__PROBLEM__.
Repeat the listing word for word, but skip any pictures.

__SOURCE MATERIAL__.
====================

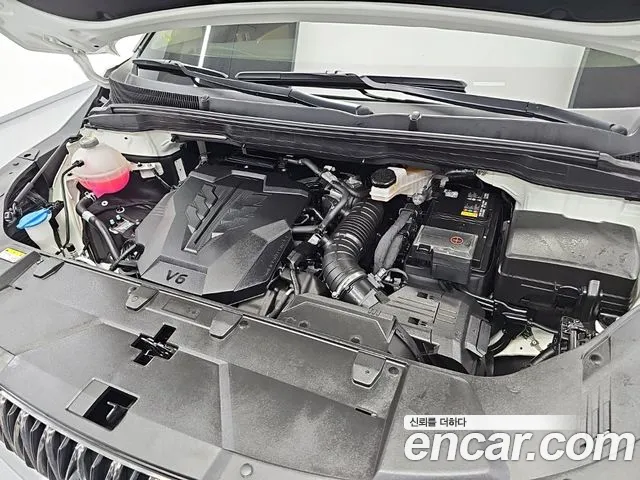 Kia Carnival Generation 4 — Фото автомобиля 5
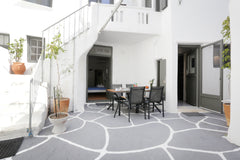 <b>License number</b><br />00001564042 Greece White room mykonos town I Cycladic home vacation rental 43860513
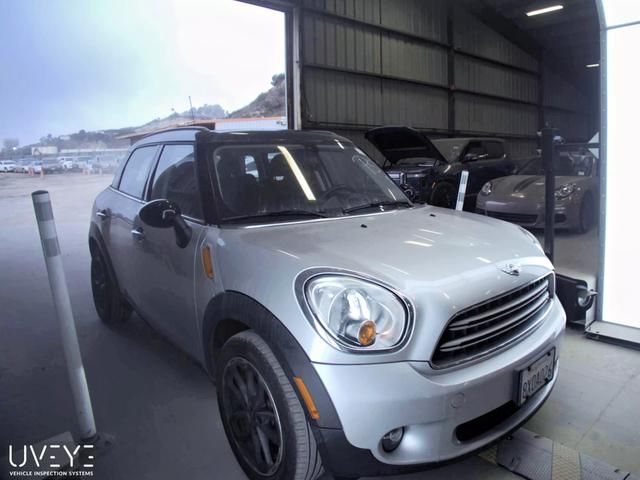 2016 MINI Cooper Countryman Base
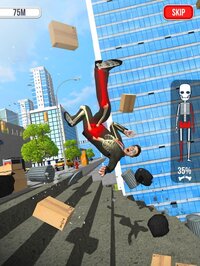 Falling Art Ragdoll Simulator screenshot, image №3436921 - RAWG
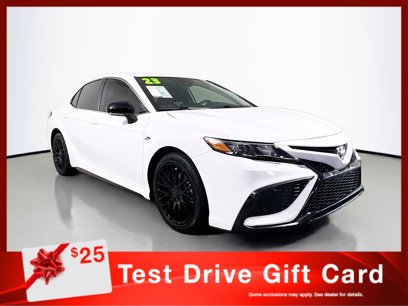 Used 2023 Toyota Camry SE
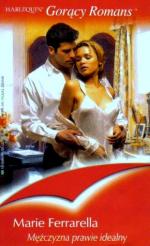 Okładka Mężczyzna prawie idealny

====================

__OUTPUT FOR THIS TASK__.
 Kia Carnival Generation 4 — Фото автомобиля 5
 <b>License number</b><br />00001564042 Greece White room mykonos town I Cycladic home vacation rental 43860513
 2016 MINI Cooper Countryman Base
 Falling Art Ragdoll Simulator screenshot, image №3436921 - RAWG
 Used 2023 Toyota Camry SE
 Okładka Mężczyzna prawie idealny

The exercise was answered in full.